WHAT IS REQUIRED: Among the entries below, please repeat exactly and only the lines from the line containing "Tzane Studios &" to the line containing "Dari kiri Rifat", both lines included.

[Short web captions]
....

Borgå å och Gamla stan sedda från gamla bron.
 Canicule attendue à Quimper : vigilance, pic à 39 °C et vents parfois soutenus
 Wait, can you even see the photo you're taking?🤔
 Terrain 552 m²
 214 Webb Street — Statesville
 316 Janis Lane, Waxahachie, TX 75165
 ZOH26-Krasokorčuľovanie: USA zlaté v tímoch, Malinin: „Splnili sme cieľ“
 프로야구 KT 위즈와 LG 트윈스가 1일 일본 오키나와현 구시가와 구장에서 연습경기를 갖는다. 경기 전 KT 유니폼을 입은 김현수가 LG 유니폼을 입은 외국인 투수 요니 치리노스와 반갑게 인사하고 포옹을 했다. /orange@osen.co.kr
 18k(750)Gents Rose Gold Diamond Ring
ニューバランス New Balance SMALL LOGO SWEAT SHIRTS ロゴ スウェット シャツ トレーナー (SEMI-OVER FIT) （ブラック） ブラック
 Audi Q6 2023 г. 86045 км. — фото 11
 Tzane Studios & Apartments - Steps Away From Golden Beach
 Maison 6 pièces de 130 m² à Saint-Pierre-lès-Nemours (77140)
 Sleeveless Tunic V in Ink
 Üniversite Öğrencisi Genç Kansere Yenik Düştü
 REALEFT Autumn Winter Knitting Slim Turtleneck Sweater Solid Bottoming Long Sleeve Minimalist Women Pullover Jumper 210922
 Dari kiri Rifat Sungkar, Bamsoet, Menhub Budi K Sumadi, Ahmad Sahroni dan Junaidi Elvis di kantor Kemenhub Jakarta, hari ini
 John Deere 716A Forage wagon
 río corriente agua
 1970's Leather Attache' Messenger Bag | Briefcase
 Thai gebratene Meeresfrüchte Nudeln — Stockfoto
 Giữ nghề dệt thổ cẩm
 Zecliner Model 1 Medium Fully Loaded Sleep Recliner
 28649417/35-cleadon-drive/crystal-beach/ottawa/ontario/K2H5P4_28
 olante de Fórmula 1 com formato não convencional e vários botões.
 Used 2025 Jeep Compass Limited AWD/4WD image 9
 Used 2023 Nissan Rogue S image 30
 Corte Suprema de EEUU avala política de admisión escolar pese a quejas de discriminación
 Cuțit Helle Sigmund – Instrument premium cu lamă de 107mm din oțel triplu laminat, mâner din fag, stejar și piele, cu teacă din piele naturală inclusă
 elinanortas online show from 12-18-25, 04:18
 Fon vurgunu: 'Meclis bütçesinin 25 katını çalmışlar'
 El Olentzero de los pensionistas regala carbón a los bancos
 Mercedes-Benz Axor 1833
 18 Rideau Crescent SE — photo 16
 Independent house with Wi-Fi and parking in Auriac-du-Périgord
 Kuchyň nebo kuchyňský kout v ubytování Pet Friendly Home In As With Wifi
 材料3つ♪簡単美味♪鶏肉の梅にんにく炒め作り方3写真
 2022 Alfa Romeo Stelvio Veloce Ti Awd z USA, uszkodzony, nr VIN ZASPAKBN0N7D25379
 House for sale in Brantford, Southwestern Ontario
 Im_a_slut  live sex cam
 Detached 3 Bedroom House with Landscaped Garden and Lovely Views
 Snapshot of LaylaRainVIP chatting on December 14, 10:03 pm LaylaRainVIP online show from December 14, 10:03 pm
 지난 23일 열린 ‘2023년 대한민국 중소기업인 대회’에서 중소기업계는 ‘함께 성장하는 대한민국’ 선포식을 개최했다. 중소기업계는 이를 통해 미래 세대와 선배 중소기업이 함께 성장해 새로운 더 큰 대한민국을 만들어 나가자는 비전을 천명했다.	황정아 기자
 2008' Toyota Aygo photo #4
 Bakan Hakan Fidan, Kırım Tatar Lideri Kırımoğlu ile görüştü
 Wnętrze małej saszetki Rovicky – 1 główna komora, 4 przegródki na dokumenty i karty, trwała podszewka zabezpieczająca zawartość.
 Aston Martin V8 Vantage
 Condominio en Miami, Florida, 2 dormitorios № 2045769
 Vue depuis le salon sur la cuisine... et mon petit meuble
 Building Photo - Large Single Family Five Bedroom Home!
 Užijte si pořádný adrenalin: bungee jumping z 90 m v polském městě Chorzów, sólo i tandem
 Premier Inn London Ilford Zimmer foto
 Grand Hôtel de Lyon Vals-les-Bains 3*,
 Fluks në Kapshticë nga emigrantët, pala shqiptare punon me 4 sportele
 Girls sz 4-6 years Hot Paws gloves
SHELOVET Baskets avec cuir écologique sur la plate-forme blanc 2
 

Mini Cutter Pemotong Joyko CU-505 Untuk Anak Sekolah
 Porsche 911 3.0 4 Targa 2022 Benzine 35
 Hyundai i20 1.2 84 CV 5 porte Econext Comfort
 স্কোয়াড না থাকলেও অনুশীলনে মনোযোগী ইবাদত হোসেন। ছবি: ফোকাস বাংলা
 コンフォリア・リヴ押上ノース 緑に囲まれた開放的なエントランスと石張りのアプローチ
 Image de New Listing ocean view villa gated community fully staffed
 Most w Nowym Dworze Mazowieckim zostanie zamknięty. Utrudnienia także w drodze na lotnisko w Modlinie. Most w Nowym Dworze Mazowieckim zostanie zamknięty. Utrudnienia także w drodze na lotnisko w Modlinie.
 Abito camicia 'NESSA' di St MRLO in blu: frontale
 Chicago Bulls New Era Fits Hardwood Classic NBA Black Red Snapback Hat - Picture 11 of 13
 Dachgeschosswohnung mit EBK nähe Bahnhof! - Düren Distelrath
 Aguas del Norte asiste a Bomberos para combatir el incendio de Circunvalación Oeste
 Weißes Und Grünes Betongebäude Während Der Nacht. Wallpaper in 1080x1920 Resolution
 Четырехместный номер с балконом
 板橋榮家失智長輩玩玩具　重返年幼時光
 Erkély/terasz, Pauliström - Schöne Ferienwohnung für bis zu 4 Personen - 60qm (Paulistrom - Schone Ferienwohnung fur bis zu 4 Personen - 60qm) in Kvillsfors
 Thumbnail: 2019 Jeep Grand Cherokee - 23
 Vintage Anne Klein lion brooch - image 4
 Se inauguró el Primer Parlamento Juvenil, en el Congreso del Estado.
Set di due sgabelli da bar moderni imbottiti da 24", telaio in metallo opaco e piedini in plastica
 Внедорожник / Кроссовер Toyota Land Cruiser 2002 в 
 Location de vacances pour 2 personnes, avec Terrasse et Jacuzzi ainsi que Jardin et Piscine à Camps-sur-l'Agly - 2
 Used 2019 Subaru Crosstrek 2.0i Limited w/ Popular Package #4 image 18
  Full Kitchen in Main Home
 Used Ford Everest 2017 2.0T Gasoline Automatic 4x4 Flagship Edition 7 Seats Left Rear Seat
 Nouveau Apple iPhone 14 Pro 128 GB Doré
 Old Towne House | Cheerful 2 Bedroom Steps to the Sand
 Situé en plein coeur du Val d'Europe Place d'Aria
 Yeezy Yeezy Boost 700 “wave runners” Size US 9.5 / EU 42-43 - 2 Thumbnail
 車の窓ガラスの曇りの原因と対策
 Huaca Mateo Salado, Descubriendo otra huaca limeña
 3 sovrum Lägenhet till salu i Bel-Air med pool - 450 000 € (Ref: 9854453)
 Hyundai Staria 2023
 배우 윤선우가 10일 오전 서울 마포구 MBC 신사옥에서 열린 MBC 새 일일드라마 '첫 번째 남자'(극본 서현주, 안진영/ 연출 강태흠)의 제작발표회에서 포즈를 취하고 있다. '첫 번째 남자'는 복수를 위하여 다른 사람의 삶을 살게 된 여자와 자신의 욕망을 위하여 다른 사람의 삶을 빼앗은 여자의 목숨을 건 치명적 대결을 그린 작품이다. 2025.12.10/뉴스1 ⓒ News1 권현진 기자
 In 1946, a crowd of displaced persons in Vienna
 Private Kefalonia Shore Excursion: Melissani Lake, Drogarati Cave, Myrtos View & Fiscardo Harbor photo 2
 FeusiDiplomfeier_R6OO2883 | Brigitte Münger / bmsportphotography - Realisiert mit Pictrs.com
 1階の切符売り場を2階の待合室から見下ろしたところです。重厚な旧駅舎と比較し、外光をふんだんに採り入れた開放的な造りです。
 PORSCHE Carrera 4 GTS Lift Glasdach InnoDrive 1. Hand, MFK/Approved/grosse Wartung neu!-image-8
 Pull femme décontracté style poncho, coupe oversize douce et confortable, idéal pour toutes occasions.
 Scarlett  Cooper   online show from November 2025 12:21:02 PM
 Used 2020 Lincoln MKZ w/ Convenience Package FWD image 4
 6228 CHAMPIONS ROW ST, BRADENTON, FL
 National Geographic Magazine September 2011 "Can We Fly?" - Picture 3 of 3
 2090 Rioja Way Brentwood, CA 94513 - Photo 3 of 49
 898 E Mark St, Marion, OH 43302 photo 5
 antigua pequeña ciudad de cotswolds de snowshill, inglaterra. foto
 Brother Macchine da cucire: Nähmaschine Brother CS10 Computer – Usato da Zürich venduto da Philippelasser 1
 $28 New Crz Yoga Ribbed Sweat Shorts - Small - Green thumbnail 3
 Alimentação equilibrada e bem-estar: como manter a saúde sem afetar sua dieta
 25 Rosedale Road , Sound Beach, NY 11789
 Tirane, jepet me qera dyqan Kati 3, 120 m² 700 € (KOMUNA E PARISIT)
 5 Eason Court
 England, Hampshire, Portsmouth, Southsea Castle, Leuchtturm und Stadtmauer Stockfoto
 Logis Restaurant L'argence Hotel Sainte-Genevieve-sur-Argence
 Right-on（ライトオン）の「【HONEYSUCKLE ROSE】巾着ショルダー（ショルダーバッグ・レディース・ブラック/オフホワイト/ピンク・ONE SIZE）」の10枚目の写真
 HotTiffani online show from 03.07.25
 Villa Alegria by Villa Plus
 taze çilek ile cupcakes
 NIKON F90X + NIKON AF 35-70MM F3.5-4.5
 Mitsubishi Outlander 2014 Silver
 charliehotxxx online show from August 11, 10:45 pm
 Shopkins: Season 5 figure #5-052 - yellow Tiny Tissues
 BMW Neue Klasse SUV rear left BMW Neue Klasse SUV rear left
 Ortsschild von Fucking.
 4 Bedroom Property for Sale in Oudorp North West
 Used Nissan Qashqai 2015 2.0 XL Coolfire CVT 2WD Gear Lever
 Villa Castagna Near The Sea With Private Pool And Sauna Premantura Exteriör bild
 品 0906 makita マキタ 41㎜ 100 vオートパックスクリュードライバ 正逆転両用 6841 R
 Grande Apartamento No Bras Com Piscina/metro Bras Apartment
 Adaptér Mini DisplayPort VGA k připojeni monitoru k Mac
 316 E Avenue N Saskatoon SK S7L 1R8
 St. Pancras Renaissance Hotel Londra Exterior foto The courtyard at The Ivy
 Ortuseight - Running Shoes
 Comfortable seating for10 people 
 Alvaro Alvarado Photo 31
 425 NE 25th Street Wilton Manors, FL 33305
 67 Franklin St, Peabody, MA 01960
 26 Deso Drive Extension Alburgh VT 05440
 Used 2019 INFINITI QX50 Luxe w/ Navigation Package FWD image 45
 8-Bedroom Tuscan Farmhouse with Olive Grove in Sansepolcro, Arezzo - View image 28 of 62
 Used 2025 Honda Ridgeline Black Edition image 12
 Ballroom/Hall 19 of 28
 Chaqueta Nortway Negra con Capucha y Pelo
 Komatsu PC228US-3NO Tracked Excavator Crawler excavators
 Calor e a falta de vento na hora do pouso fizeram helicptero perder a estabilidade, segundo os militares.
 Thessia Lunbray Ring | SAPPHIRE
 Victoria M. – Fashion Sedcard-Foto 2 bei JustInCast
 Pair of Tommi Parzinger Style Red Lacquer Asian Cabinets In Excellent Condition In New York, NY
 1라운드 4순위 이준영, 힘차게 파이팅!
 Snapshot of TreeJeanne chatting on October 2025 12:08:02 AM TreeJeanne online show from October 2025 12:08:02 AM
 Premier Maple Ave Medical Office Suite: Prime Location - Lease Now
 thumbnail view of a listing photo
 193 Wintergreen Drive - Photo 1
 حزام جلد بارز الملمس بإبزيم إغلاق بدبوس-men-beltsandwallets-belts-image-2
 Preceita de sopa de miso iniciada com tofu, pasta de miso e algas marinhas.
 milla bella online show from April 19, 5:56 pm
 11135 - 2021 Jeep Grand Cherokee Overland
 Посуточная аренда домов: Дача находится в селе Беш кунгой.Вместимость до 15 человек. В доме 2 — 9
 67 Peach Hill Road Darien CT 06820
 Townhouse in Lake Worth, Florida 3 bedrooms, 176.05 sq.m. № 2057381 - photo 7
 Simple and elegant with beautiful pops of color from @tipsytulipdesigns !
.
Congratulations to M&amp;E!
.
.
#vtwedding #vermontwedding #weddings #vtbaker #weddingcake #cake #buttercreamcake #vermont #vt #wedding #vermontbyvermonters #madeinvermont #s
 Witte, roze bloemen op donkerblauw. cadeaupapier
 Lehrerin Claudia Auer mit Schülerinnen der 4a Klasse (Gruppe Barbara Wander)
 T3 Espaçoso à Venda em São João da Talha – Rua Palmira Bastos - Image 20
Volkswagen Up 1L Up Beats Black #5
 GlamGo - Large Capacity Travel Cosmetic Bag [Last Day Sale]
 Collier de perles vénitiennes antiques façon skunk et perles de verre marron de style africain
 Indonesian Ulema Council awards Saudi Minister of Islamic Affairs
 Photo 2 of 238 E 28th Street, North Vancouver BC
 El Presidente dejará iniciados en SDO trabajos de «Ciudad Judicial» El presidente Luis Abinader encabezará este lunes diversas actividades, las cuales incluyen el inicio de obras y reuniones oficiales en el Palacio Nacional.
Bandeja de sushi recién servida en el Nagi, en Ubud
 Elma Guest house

....

WRITTEN RESPONSE:
 Tzane Studios & Apartments - Steps Away From Golden Beach
 Maison 6 pièces de 130 m² à Saint-Pierre-lès-Nemours (77140)
 Sleeveless Tunic V in Ink
 Üniversite Öğrencisi Genç Kansere Yenik Düştü
 REALEFT Autumn Winter Knitting Slim Turtleneck Sweater Solid Bottoming Long Sleeve Minimalist Women Pullover Jumper 210922
 Dari kiri Rifat Sungkar, Bamsoet, Menhub Budi K Sumadi, Ahmad Sahroni dan Junaidi Elvis di kantor Kemenhub Jakarta, hari ini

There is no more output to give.